To determine the number of plates required for the plate heat exchanger, we can use the equation:

Q = U * A * ΔTlm

Where:

Q is the heat transfer rate (in Watts)

U is the overall heat transfer coefficient (in W/m^2 * °C)

A is the effective heat transfer area (in m^2)

ΔTlm is the logarithmic mean temperature difference (in °C)

First, we need to calculate the heat transfer rate using the formula:

Q = m * Cp * ΔT

Where:

m is the mass flow rate (in kg/h)

Cp is the specific heat capacity (in kJ/kg * °C)

ΔT is the temperature difference (in °C)

For the process stream:

ΔT1 = 80°C - 26°C = 54°C

Q1 = 30000 kg/h * 2301 kJ/kg°C * 54°C = 3601548000 kJ/h = 1000424 W

For the water:

ΔT2 = 20°C - 26°C = -6°C (negative because water is cooling down)

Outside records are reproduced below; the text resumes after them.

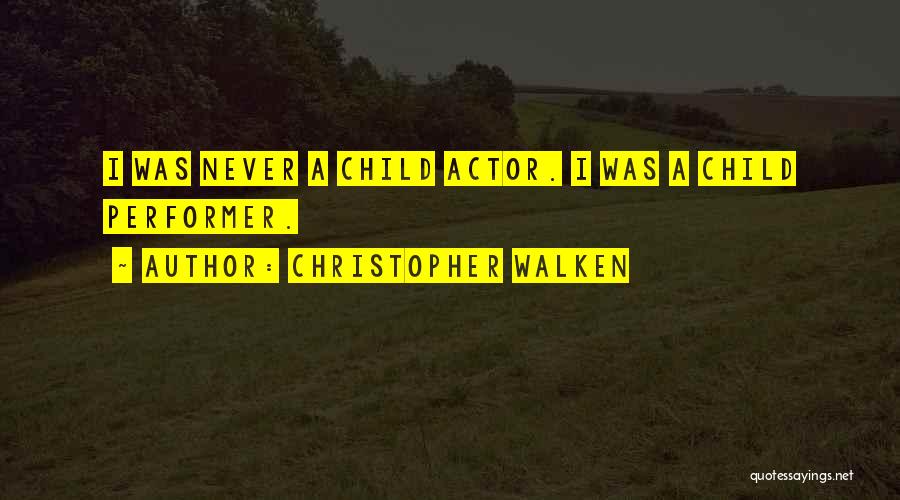 Christopher Walken Quotes: I Was Never A Child Actor. I Was A Child Performer.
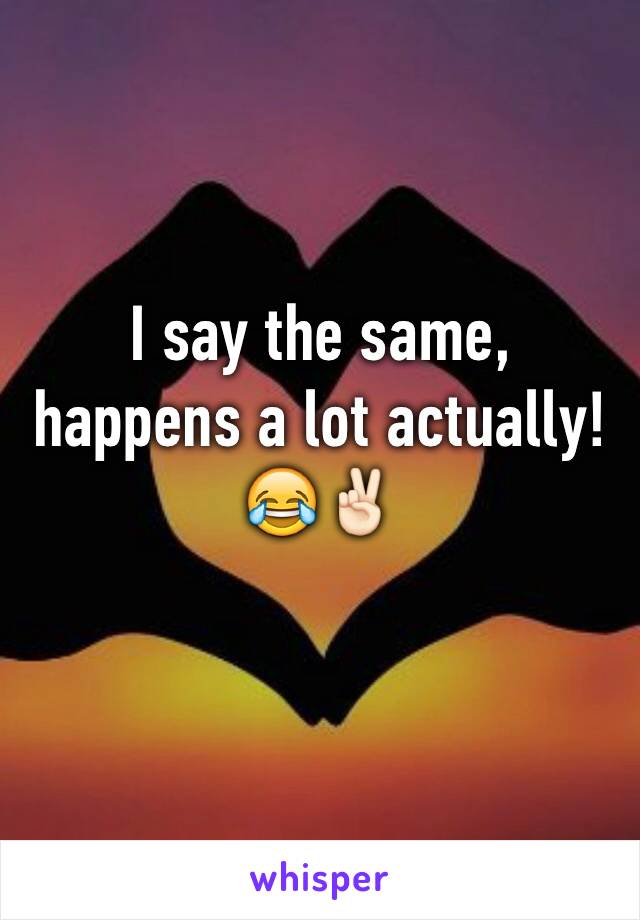 I say the same, happens a lot actually! 😂✌🏻️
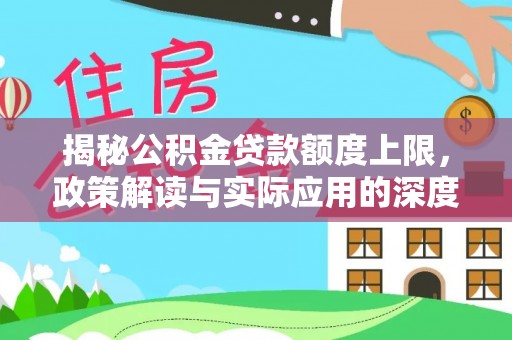 南康揭秘公积金贷款额度上限，政策解读与实际应用的深度分析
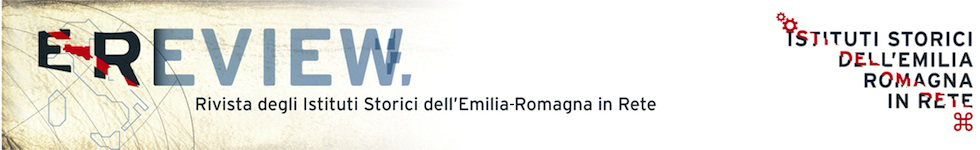 E-Review. Rivista degli Istituti Storici dell'Emilia-Romagna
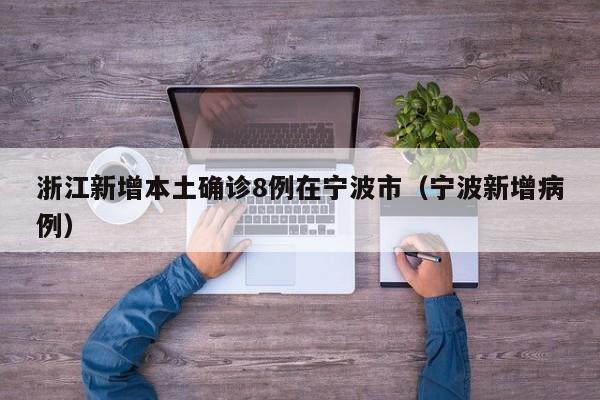 浙江新增本土确诊8例在宁波市（宁波新增病例）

Q2 = 21515 kg/h * 4185 kJ/kg°C * (-6°C) = -538308210 kJ/h = -149530 W

The total heat transfer rate can be obtained by summing Q1 and Q2:

Q = Q1 + Q2 = 1000424 W - 149530 W = 851894 W

Now, we can calculate the effective heat transfer area:

A = Q / (U * ΔTlm)

To find ΔTlm, we can use the formula:

ΔTlm = (ΔT1 - ΔT2) / ln(ΔT1 / ΔT2)

ΔTlm = (54°C - (-6°C)) / ln(54°C / (-6°C)) ≈ 25.39°C

Substituting the values, we have:

A = 851894 W / (520 W/m^2 * °C * 25.39°C) ≈ 65.61 m^2

Each plate has an area of 0.8 m * 1.75 m = 1.4 m^2.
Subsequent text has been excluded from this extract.